Phosphorylation at tyrosine 317 and 508 are crucial for PIK3CA/p110[alpha] to promote CRC tumorigenesis

PI3K/AKT signaling pathway plays important role in tumorigenesis of human cancer. Protein phosphorylation is crucial for signaling transduction of this pathway. PIK3CA, encoding the catalytic subunit p110[alpha] of PI3K complex, is one of the most frequently mutated oncogenes in human cancers. However, phosphorylation sites of PIK3CA/p110[alpha] and their underlying mechanism in tumorigenesis are largely unknown. Tyrosine phosphorylation sites of PIK3CA/p110[alpha] are identified with Mass-Spectrum. Crispr/CAS9 strategy is applied to generate Y317F and Y508F mutant knock-in cell clones.
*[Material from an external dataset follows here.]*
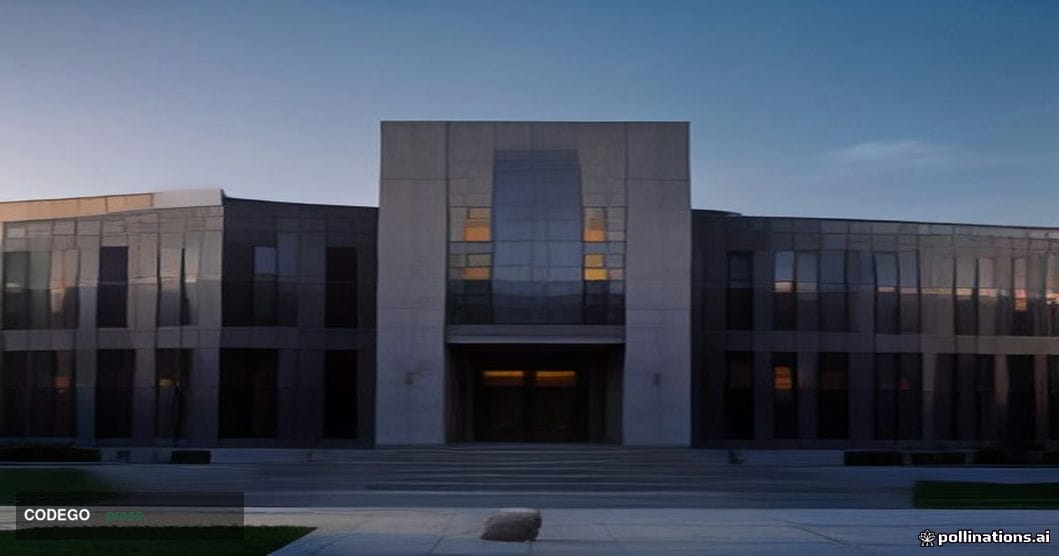 A cinematic editorial photograph of a monumental glass-and-stone financial institution headquarters in an American urban sett
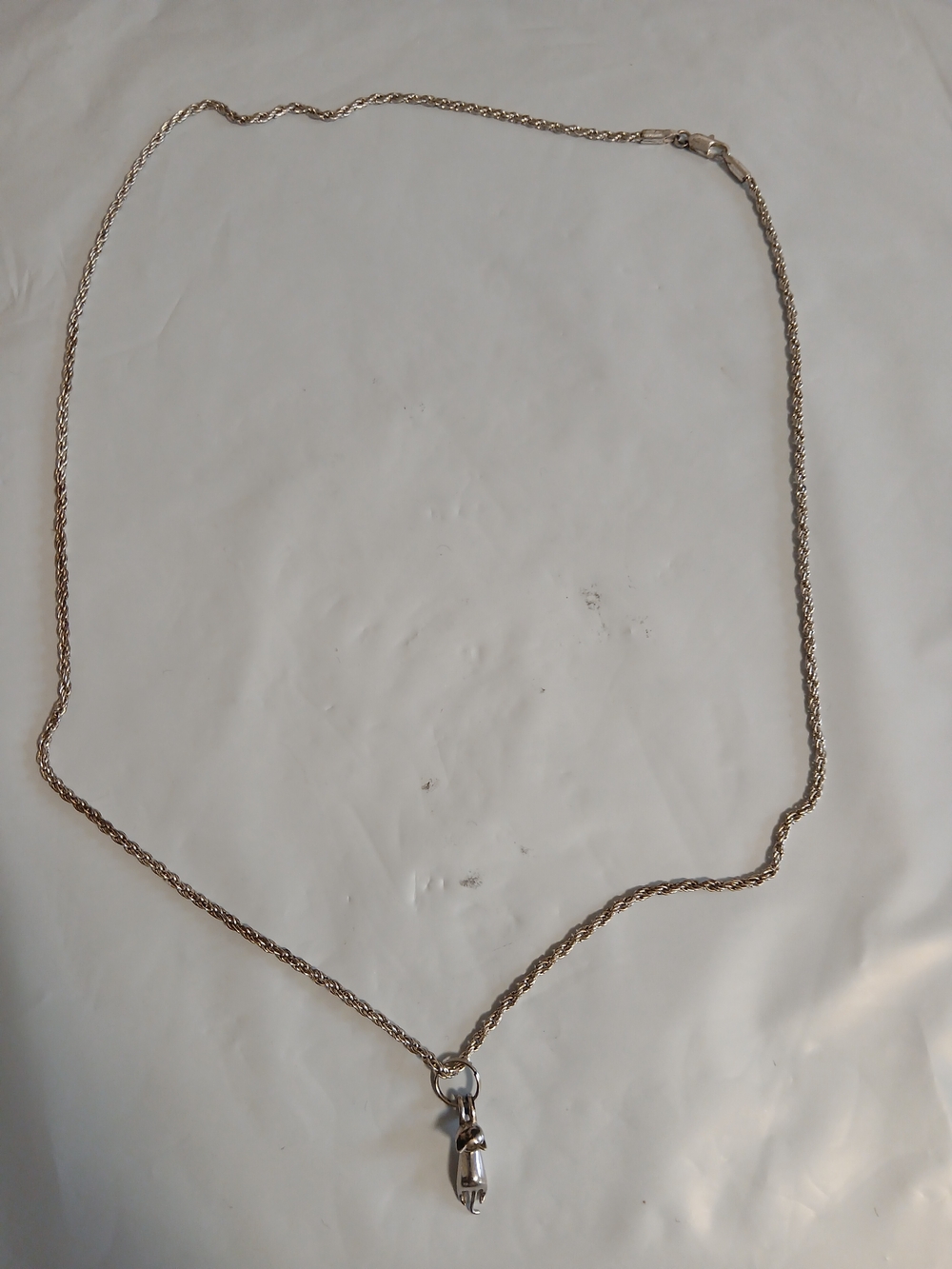 Classic Silver Rope Chain Necklace with Pendant - Women Jewelry - Picture 1 of 4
The growth and metastasis abilities of cells are evaluated in vitro and in vivo. Phospho-proteomics analysis and Western blots are used to demonstrate downstream signaling pathways of PIK3CA/p110[alpha] tyrosine phosphorylation. In vitro kinase assay is applied to identify the kinase of PIK3CA/p110[alpha] tyrosine phosphorylation. Tyrosine phosphorylation of PIK3CA/p110[alpha] is stimulated by growth factors such as EGF, HGF and PDGF. Two tyrosine residues, Y317 and Y508, are identified on PIK3CA/p110[alpha]. Either Y317 or Y508 phosphorylation is essential for tumorigenesis of CRC. Mutation at Y317 of p110[alpha] reduces the proliferation, migration, and invasion of cancer cells through Src-MLC2 pathway, while mutation at Y508 of p110[alpha] impairs AKT signaling. Moreover, Src interacts with and phosphorylates p110[alpha]. PIK3CA/p110[alpha] phosphorylation at Y317 and Y508 play important role in tumorigenesis of colorectal cancer through two independent pathways.